How dare he use my given name? She felt anger rise and go down beneath the memory of the way he’d spoken: softly throbbing undertones, casual male confidence. A muscle twitched along her jaw. She clenched her teeth.
“Isn’t that El Kuds down there?” he asked, dipping a wing briefly, causing a sudden flurry in their escort.
She looked down at their shadows rippling across the promontory above Harg Pass, at the cliff and the rock pyramid containing the skull of her father. El Kuds—the Holy Place.
“That’s the Holy Place,” she said.
“I must visit that place one day,” he said. “Nearness to your father’s remains may bring memories I can capture.”
She saw suddenly how strong must be this need to know who he’d been. It was a central compulsion with him. She looked back at the rocks, the cliff with its base sloping into a dry beach and a sea of sand—cinnamon rock lifting from the dunes like a ship breasting waves.
“Circle back,” she said.
“The escort …”
“They’ll follow. Swing under them.”
He obeyed.
“Do you truly serve my brother?” she asked, when he was on the new course, the escort following.
“I serve the Atreides,” he said, his tone formal.
And she saw his right hand lift, fall—almost the old salute of Caladan. A pensive look came over his face. She watched him peer down at the rock pyramid.
“What bothers you?” she asked.
His lips moved. A voice emerged, brittle, tight: “He was … he was …” A tear slid down his cheek.

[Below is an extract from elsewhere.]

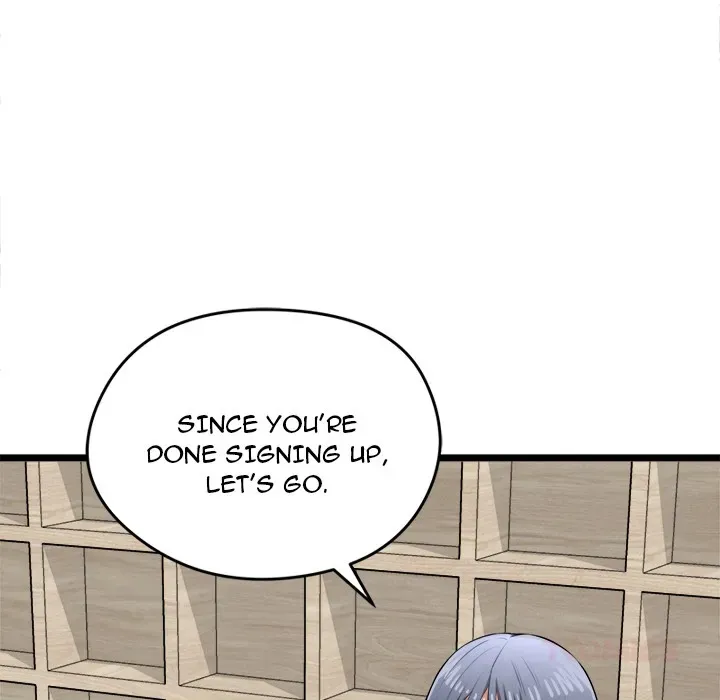 Read Start Game chapter 25 image 83 on Lezhin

Alia found herself stilled by Fremen awe. He gave water to the dead! Compulsively, she touched a finger to his cheek, felt the tear.
“Duncan,” she whispered.
He appeared locked to the ’thopter’s controls, gaze fastened to the tomb below.
She raised her voice: “Duncan!”
He swallowed, shook his head, looked at her, the metal eyes glistening. “I … felt … an arm … on my shoulders,” he whispered. “I felt it! An arm.” His throat worked. “It was … a friend. It was … my friend.”
“Who?”
“I don’t know. I think it was … I don’t know.”
The call light began flashing in front of Alia, their escort captain wanting to know why they returned to the desert. She took the microphone, explained that they had paid a brief homage to her father’s tomb. The captain reminded her that it was late.
“We will go to Arrakeen now,” she said, replacing the microphone.
Hayt took a deep breath, banked their ’thopter around to the north.
“It was my father’s arm you felt, wasn’t it?” she asked.
“Perhaps.”
His voice was that of the mentat computing probabilities, and she saw he had regained his composure.
“Are you aware of how I know my father?” she asked.
“I have some idea.”
“Let me make it clear,” she said. Briefly, she explained how she had awakened to Reverend Mother awareness before birth, a terrified fetus with the knowledge of countless lives embedded in her nerve cells—and all this after the death of her father.
“I know my father as my mother knew him,” she said. “In every last detail of every experience she shared with him. In a way, I am my mother. I have all her memories up to the moment when she drank the Water of Life and entered the trance of transmigration.”
“Your brother explained something of this.”
“He did? Why?”
“I asked.”
“Why?”
“A mentat requires data.”
“Oh.” She looked down at the flat expanse of the Shield Wall—tortured rock, pits and crevices.
He saw the direction of her gaze, said: “A very exposed place, that down there.”
“But an easy place to hide,” she said. She looked at him. “It reminds me of a human mind … with all its concealments.”
“Ahhh,” he said.
“Ahhh? What does that mean—ahhh?” She was suddenly angry with him and the reason for it escaped her.
“You’d like to know what my mind conceals,” he said. It was a statement, not a question.
“How do you know I haven’t exposed you for what you are by my powers of prescience?” she demanded.